Greek and Arabic discussions of smell1

Greek philosophers and medical authors wrote far more about the sense of smell than reached the medieval world, as recent research has attested.2 Texts from the Hippocratic Corpus, Empedocles, Hellenistic doctors, and Theophrastus all discussed the mechanism and uses of the human sense of smell. While most of these sources made little impact on thinking about the senses in medieval Europe, there are two general groupings of Greek theories on smelling that were important to scholastic thought on the sense of smell: the Aristotelian and the Galenic.3 Medieval scholars received the theories of Galen and Aristotle first through Arabic medicine and later directly.
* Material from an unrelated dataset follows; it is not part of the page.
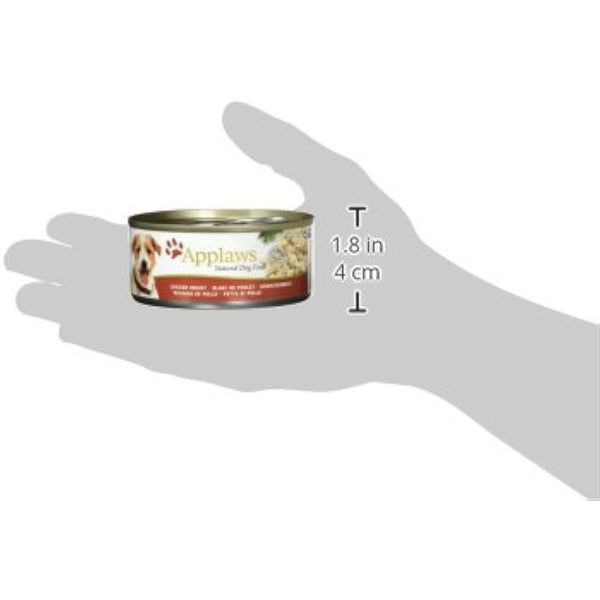 Applaws 100 Percent Natural Wet Dog Food, Chicken Breast in Broth 156 g Tin (Pack of 12)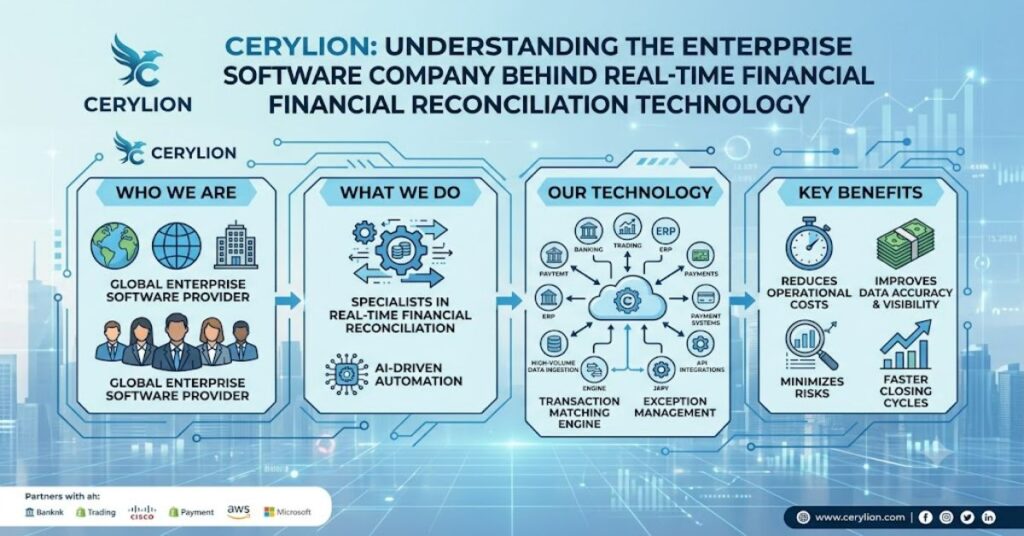 Cerylion: Understanding the Enterprise Software Company Behind Real-Time Financial Reconciliation Technology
The Arabic-language authors who are cited most often in European discussions of smell are Isaac Israeli, Avicenna, Averroes, Haly Abbas, and Constantine the African. These authors were primarily medical authorities, so it is unsurprising that their main intellectual loyalty on the subject of olfaction lay with the physician Galen rather than the philosopher Aristotle. However, many of these writers, the most influential of whom was Avicenna, fused aspects of Aristotelian thought with Galenic medicine to form a new Galenic-Arabic theory of the sense smell. It is this Galenic-Arabic theory that became the starting point for medieval European smell theories.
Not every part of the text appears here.